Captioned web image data
------------------------------------------------

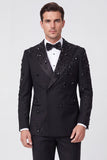 2 Piece Black Double Breasted Peak Lapel Men's Prom Suits with Beading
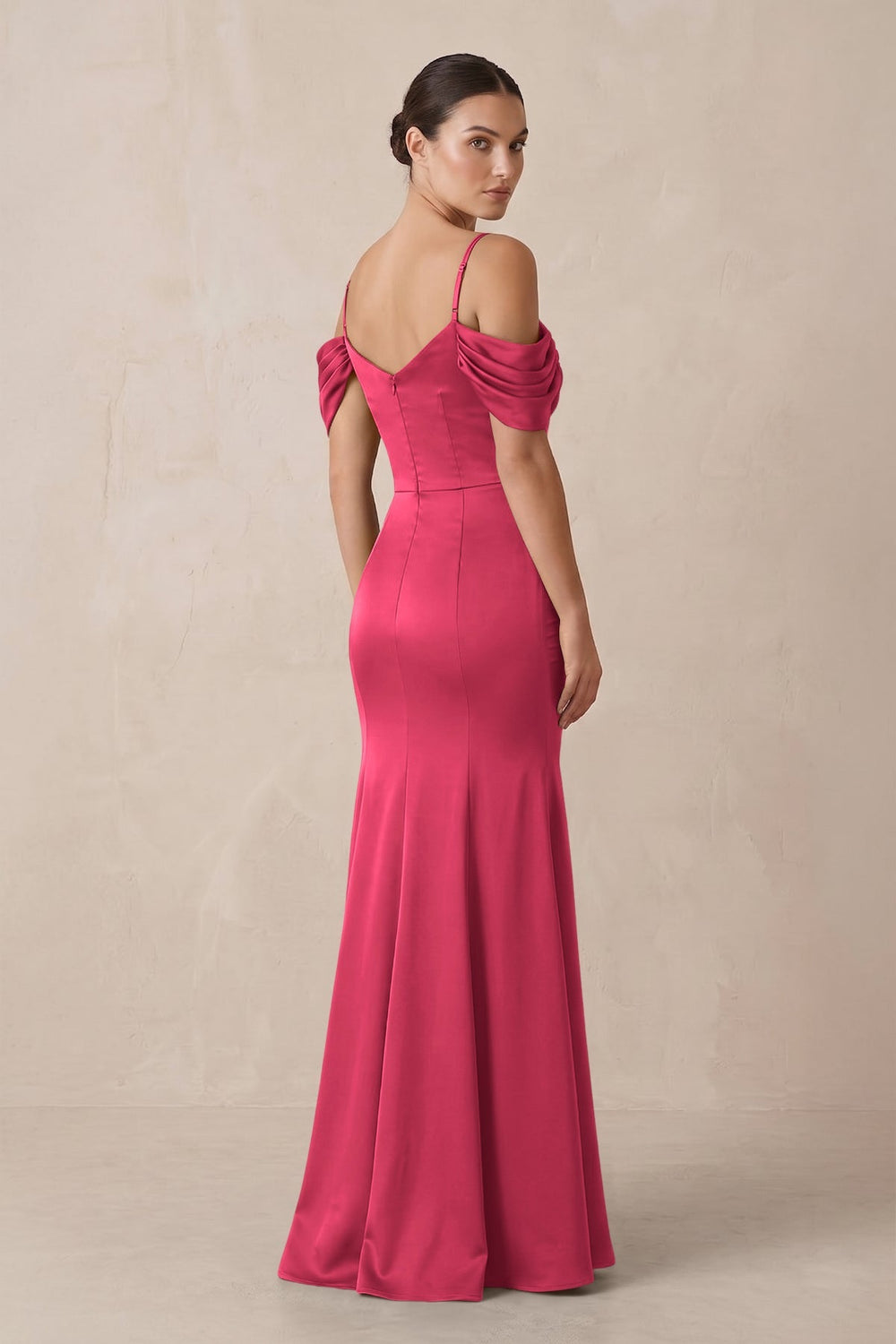Off - the - Shoulder Mermaid Ruched Bridesmaid Dress in Fuchsia - KISS BRIDAL Bridesmaid Dresses
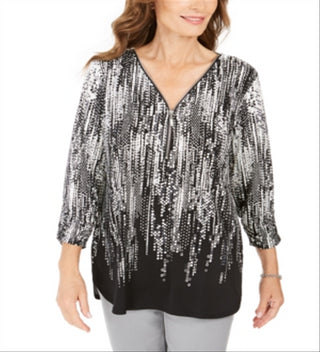 Túnica feminina estampada com zíper e gola alta, preta, tamanho pequeno, da coleção JM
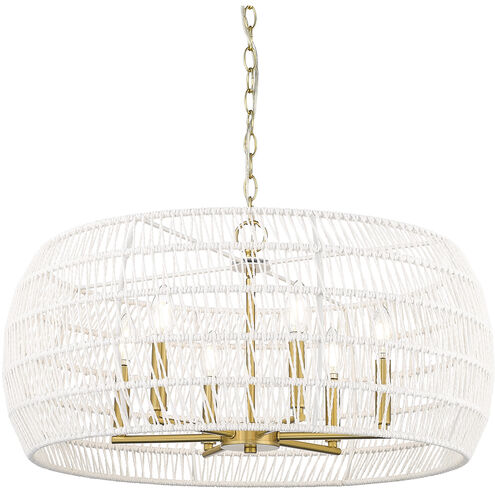 Ellie 6 Light 27.13 inch Modern Brushed Gold Chandelier Ceiling Light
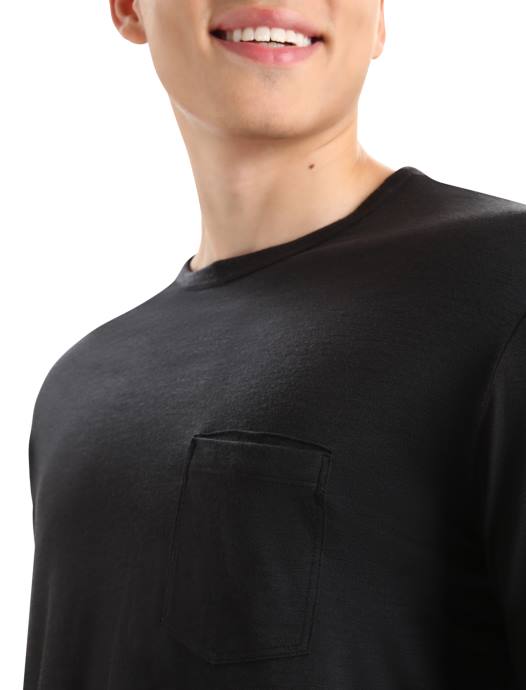 Icebreaker Heren merino graanschuur T-shirt met lange mouwen en zakzwart XXNJ198 kleding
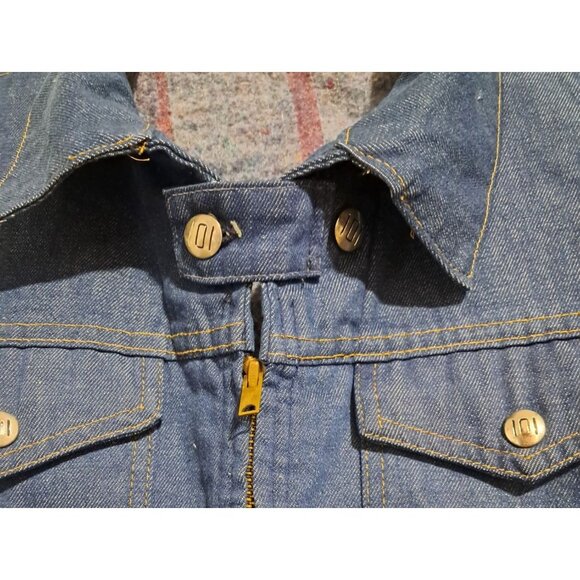 Vintage 1970s Montgomery Ward 101 Blanket Lined Denim Trucker Jacket Men's Size - Picture 6 of 11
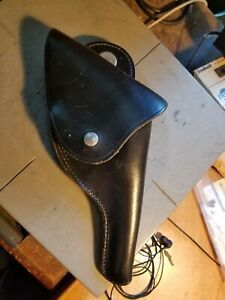 Vintage JAY-PEE Black &amp; Tan Leather Gun Holster 6&#034; Wide X 12&#034;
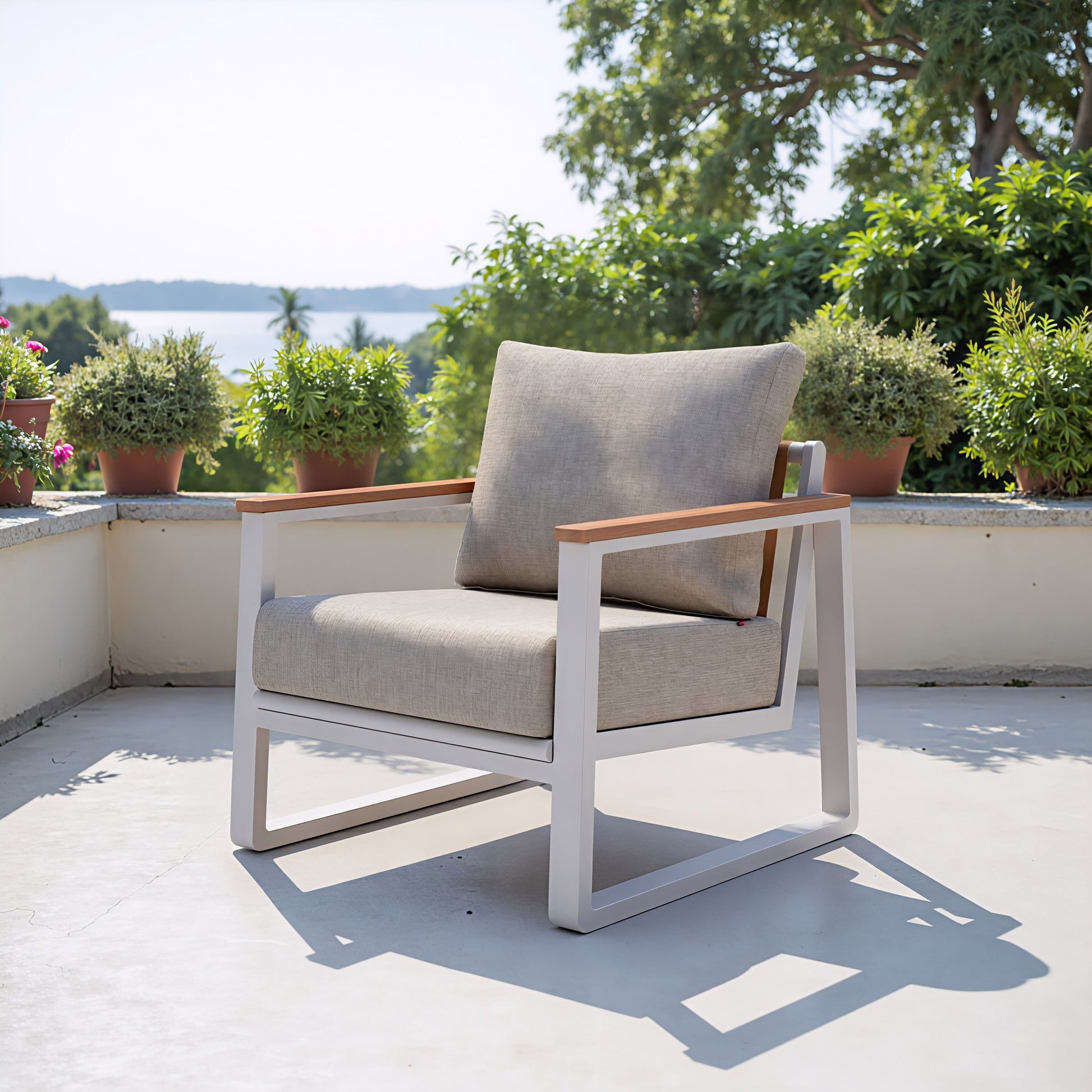 Welt Armchair Taupe & White - 8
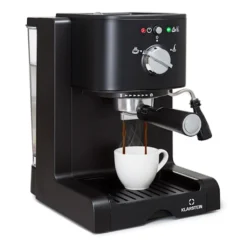 Klarstein Passionata 20 - Espressomaschine, Espresso-Automat, Kaffee-Maschine, 1350 Watt, 1,25 Liter, Automatischer Druckablass, Inkl. Milchschaum Düse Für Zubereitung Von Cappuccino, Schwarz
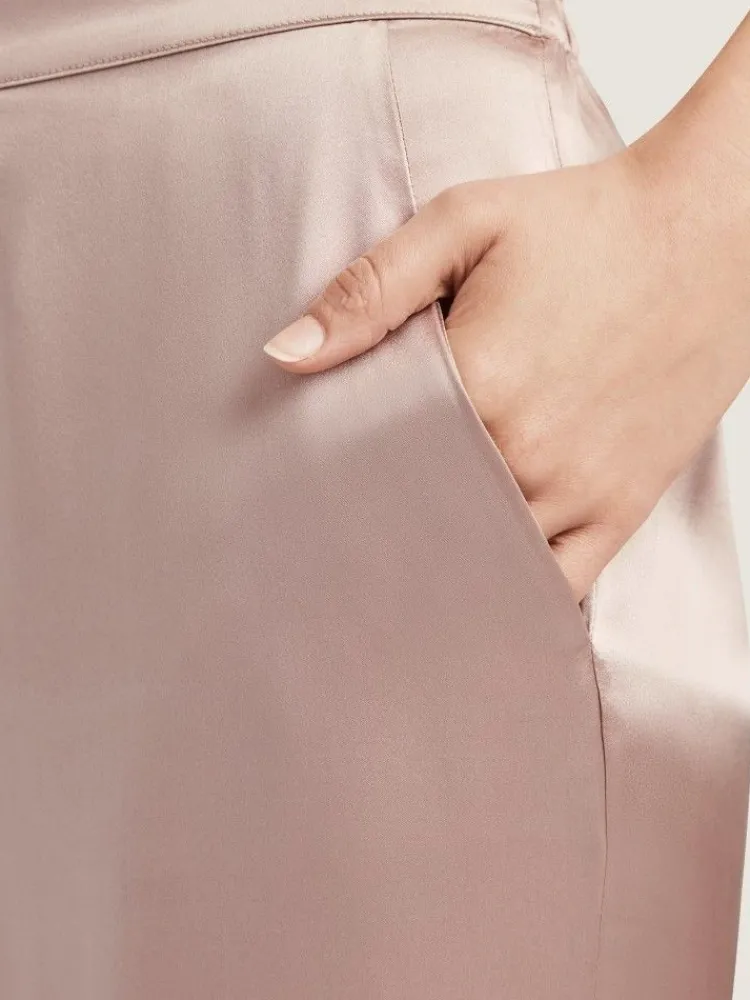 Lounge-Wear|Mit Seidensatin^Aubade 100% Seide Hose TOI MON AMOUR von altrosa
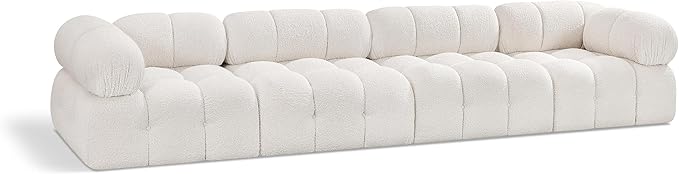 Meridian Furniture 611Cream-S136A Ames Collection Modern | Contemporary Modular Sofa with Rich Cream Boucle Fabric, Modular to Create Infinite Configurations, 136" W x 34" D x 28" H, Cream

------------------------------------------------

**WHAT YOU WILL DO**
The data above holds the lines to copy: start at the one with "Vintage 1970s Montgomery", stop at the one with "Klarstein Passionata 20", include both, copy them exactly without pictures, and copy nothing else.

**REPLY**
 Vintage 1970s Montgomery Ward 101 Blanket Lined Denim Trucker Jacket Men's Size - Picture 6 of 11
 Vintage JAY-PEE Black &amp; Tan Leather Gun Holster 6&#034; Wide X 12&#034;
 Welt Armchair Taupe & White - 8
 Klarstein Passionata 20 - Espressomaschine, Espresso-Automat, Kaffee-Maschine, 1350 Watt, 1,25 Liter, Automatischer Druckablass, Inkl. Milchschaum Düse Für Zubereitung Von Cappuccino, Schwarz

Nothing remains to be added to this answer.